また、その他の好ましいスルホニウム塩としては、トリアリールスルホニウム塩の1つの置換基がクマリン、アントアキノン構造を有し、300nm以上に吸収を有するスルホニウム塩が挙げられる。別の好ましいスルホニウム塩としては、トリアリールスルホニウム塩が、アリールオキシ基、アリールチオ基を置換基に有する300nm以上に吸収を有するスルホニウム塩が挙げられる。
【0158】
また、オニウム塩化合物としては、J.V.Crivello et al,Macromolecules,10(6),1307(1977)、J.V.Crivello et al,J.Polymer Sci.,Polymer Chem.Ed.,17,1047(1979)に記載のセレノニウム塩、C.S.Wen et al,Teh,Proc.Conf.Rad.Curing ASIA,p478 Tokyo,Oct(1988)に記載のアルソニウム塩等のオニウム塩を用いることもできる。
【0159】
アシルホスフィン系化合物としては、チバ・スペシャルティ・ケミカルズ社製のイルガキュア819、ダロキュア4265、ダロキュアTPOなどが挙げられる。
【0160】
アルキルアミノ化合物としては、例えば、特開平9−281698号公報の段落番号[0047]、特開平6−19240号公報、特開平6−19249号公報等に記載のジアルキルアミノフェニル基を有する化合物やアルキルアミン化合物が挙げられる。

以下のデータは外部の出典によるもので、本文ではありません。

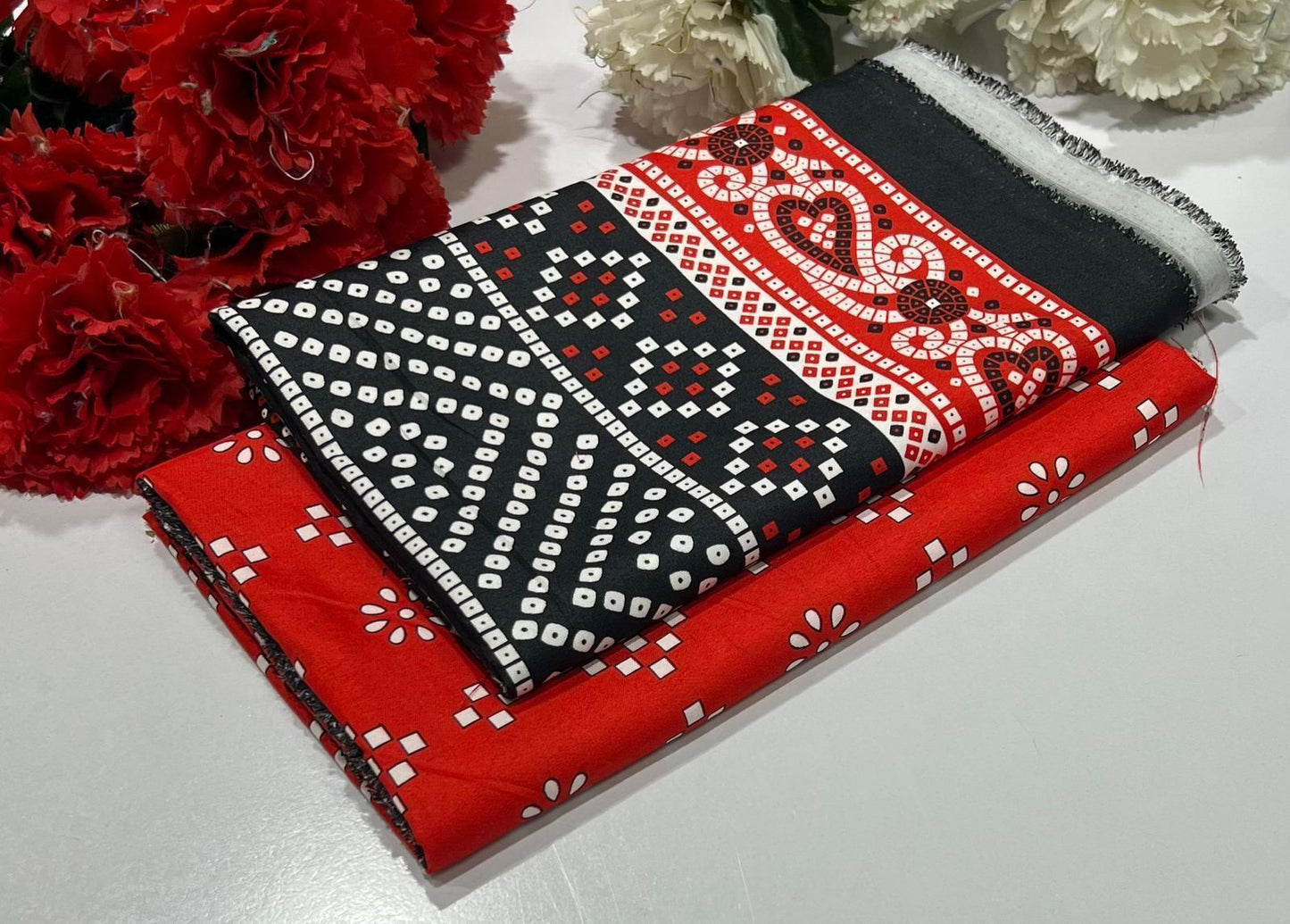 POLO COTTON 2PC |D 41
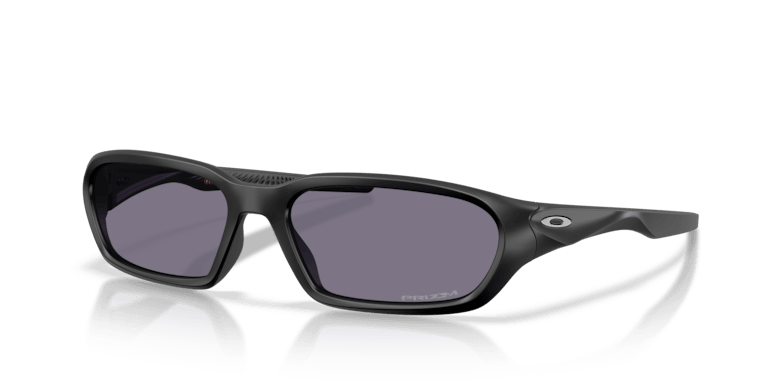 Oakley Terraforma - Matte Black W/ Prizm Grey Lens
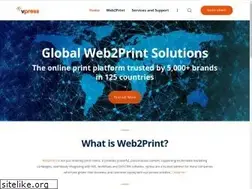 Sites similar to vpress.com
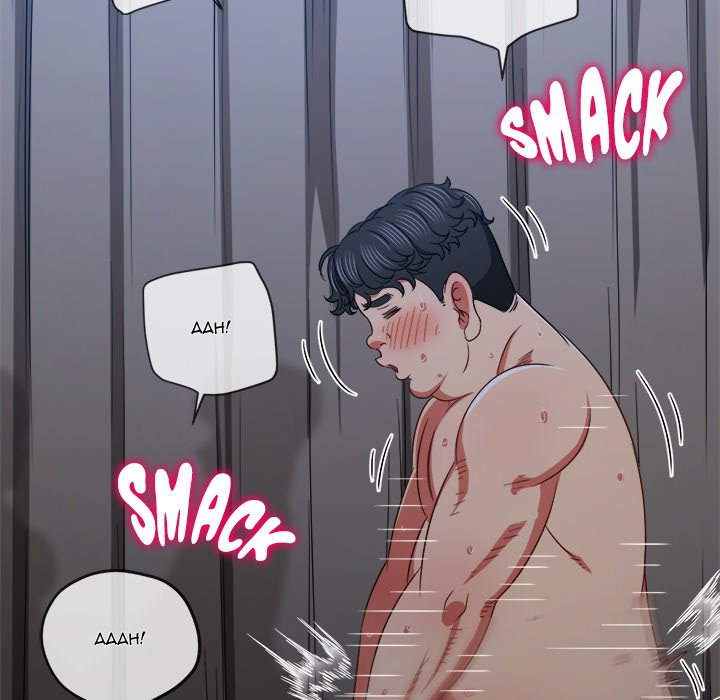 My High School Bully chapter 158 page 42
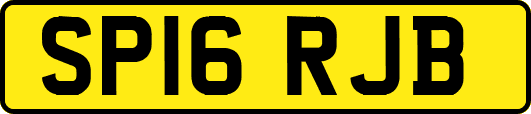 SP16RJB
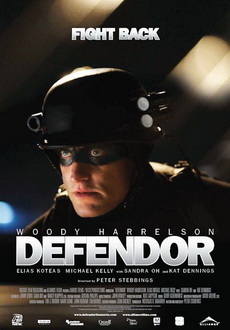 "Defendor" (2009) LiMiTED.DVDRip.XViD-BULLDOZER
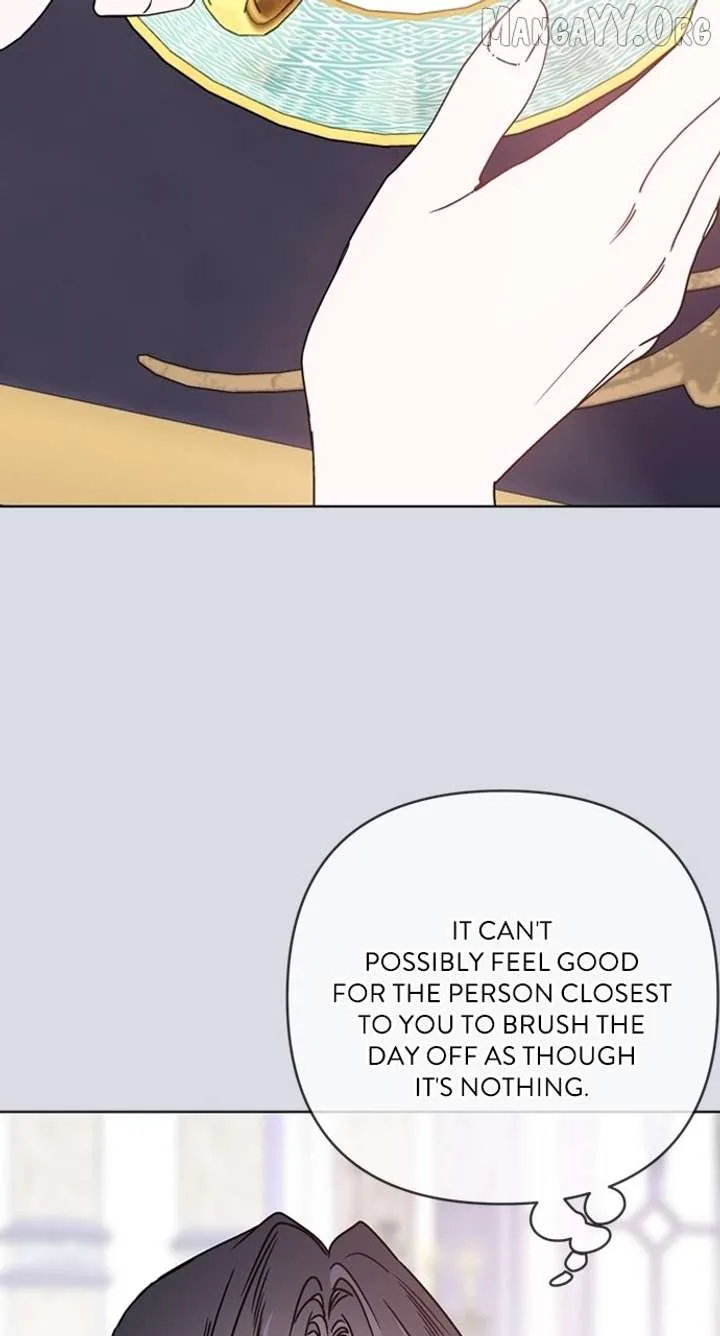 The Way That Knight Lives As a Lady Chapter 191 page 51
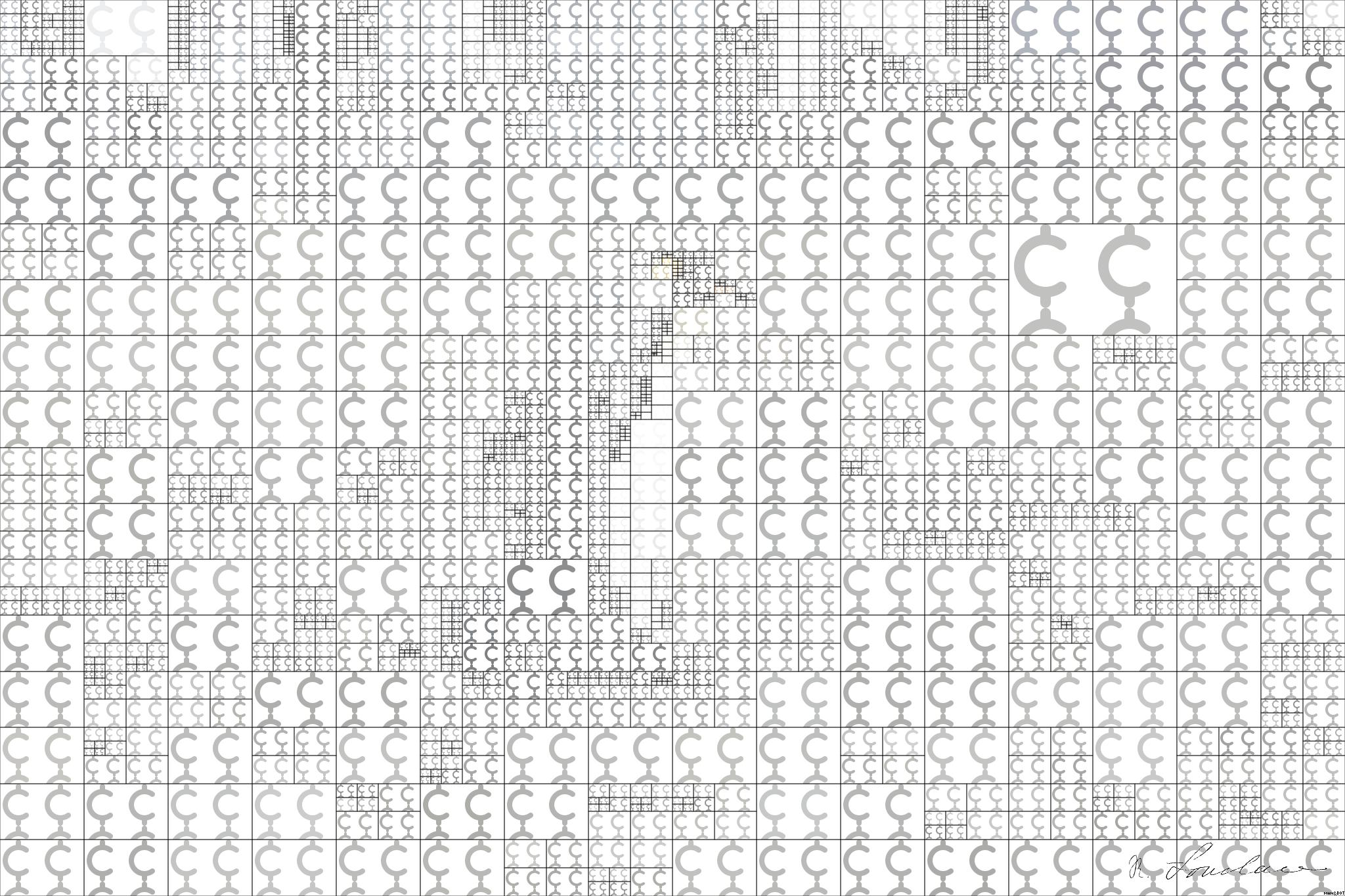 from CC0 photo AI Art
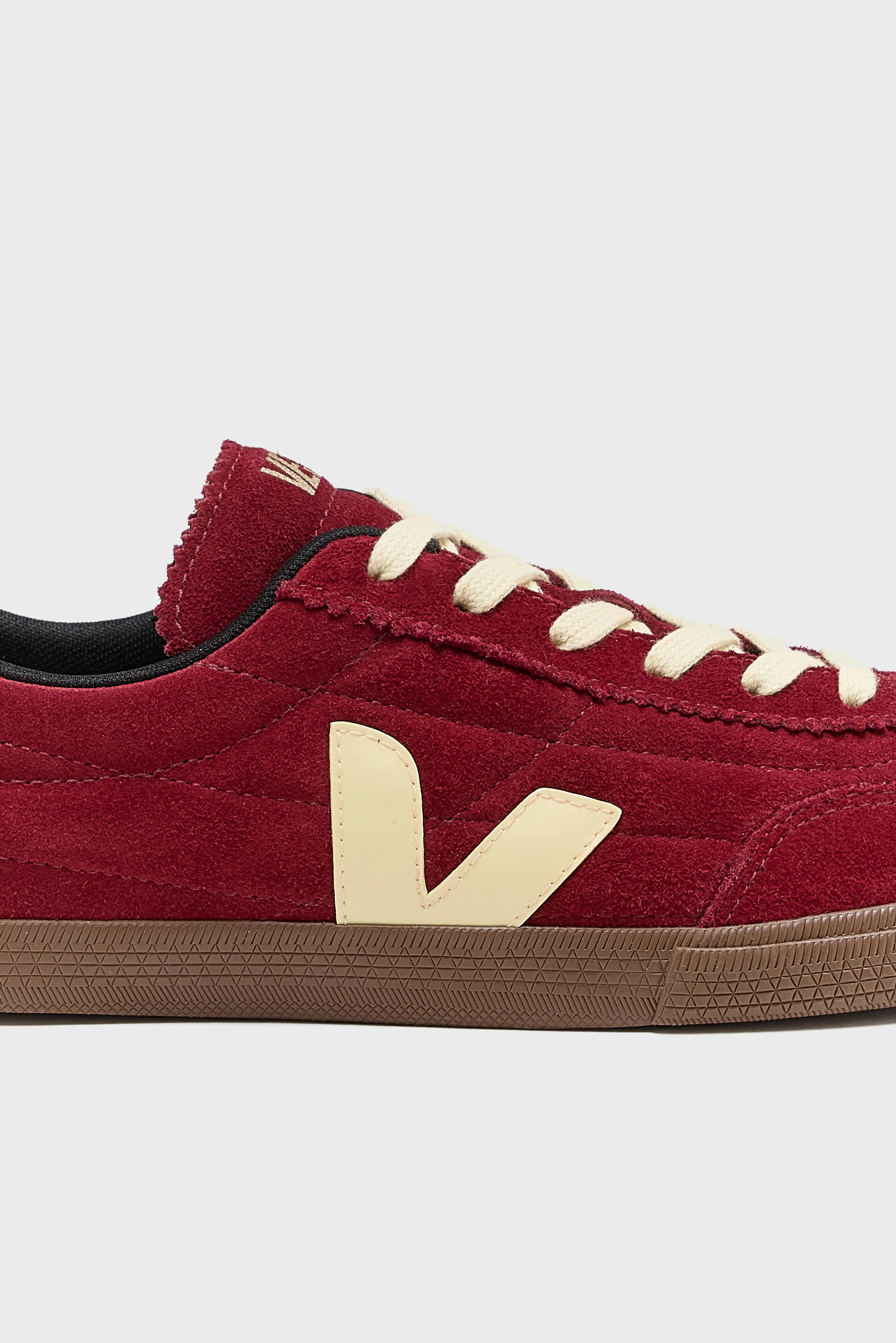 Panenka for Women  (252 / W / RED) Customizable Fit Option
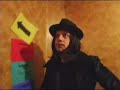 Jack White sings Cherry lips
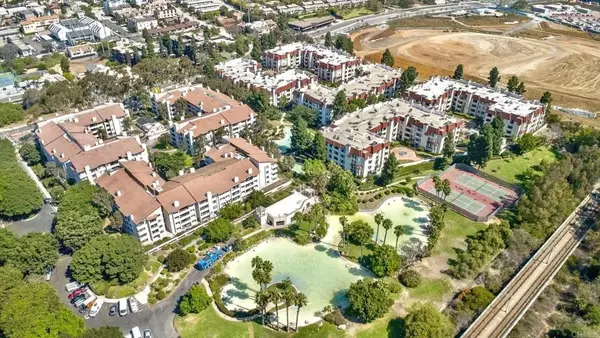 5805 Friars Road #2313, San Diego, CA 92110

具体的には、ジアルキルアミノフェニル基を有する化合物としてはp−ジメチルアミノ安息香酸エチル等の化合物や、p−ジエチルアミノベンズカルバルデヒド、9−ジュロリジルカルバルデヒド等のジアルキルアミノフェニルカルバルデヒドが、アルキルアミン化合物としてはトリエタノールアミン、ジエタノールアミン、トリエチルアミン等が挙げられる。
【0161】
本発明に用いられる(D)光重合開始剤としては、露光感度の観点から、トリアジン系化合物、アルキルアミノ化合物、ベンジルジメチルケタール化合物、α−ヒドロキシケトン化合物、α−アミノケトン化合物、アシルホスフィン系化合物、ホスフィンオキサイド系化合物、メタロセン化合物、オキシム系化合物、ビイミダゾール系化合物、オニウム系化合物、ベンゾチアゾール系化合物、ベンゾフェノン系化合物、アセトフェノン系化合物及びその誘導体、シクロペンタジエン−ベンゼン−鉄錯体及びその塩、ハロメチルオキサジアゾール化合物、3−アリール置換クマリン化合物からなる群より選択される少なくとも1種の化合物が好ましい。
【0162】
より好ましくは、トリアジン系化合物、アルキルアミノ化合物、α−アミノケトン化合物、アシルホスフィン系化合物、ホスフィンオキサイド系化合物、オキシム系化合物、ビイミダゾール系化合物、オニウム系化合物、ベンゾフェノン系化合物、アセトフェノン系化合物であり、トリアジン系化合物、アルキルアミノ化合物、オキシム系化合物、ビイミダゾール系化合物からなる群より選ばれる少なくとも1種の化合物が更に好ましい。
【0163】
特に、本発明の硬化性組成物をカラーフィルタの固体撮像素子の作製に使用する場合には、微細な画素をシャープな形状で形成する必要があるために、硬化性とともに微細な未露光部が残渣なく現像されることが重要である。従って、光重合開始剤として、未露光においても親水性基と相互作用性を形成するような極性基、イオン性基などを有する化合物、例えば、オニウム系化合物等はこの使用目的に限れば、高感度ではあるが好適ではない。このような観点からは、トリアジン系化合物、オキシム系化合物が特に好ましい。また、微細な画素を形成するには、硬化用露光にステッパー露光を用いるが、この露光機はハロゲンにより損傷される虞があるため、この点を考慮すれば、固体撮像素子の如き微細着色パターンを形成するには前記(A)特定樹脂と(D)光重合開始剤としてのオキシム系化合物とを組み合わせることが最も好ましいといえる。
【0164】
硬化性組成物中における(D)光重合開始剤の含有量は、組成物の全固形分に対し、0.1〜50質量%であることが好ましく、より好ましくは0.5〜30質量%、特に好ましくは1〜20質量%である。特に、本発明の硬化性組成物をカラーフィルタの着色パターンの形成に使用する場合は、光感度、支持体密着性、硬化度の点で、(D)光重合開始剤の含有量は、硬化性組成物に含有される全固形分に対して、1〜40質量%が好ましく、2〜30質量%がより好ましく、3〜20質量%が更に好ましい。
【0165】
<(E)光重合性化合物>
本発明の硬化性組成物には、光重合性化合物として、エチレン性不飽和二重結合を有する化合物を含有することが好ましい。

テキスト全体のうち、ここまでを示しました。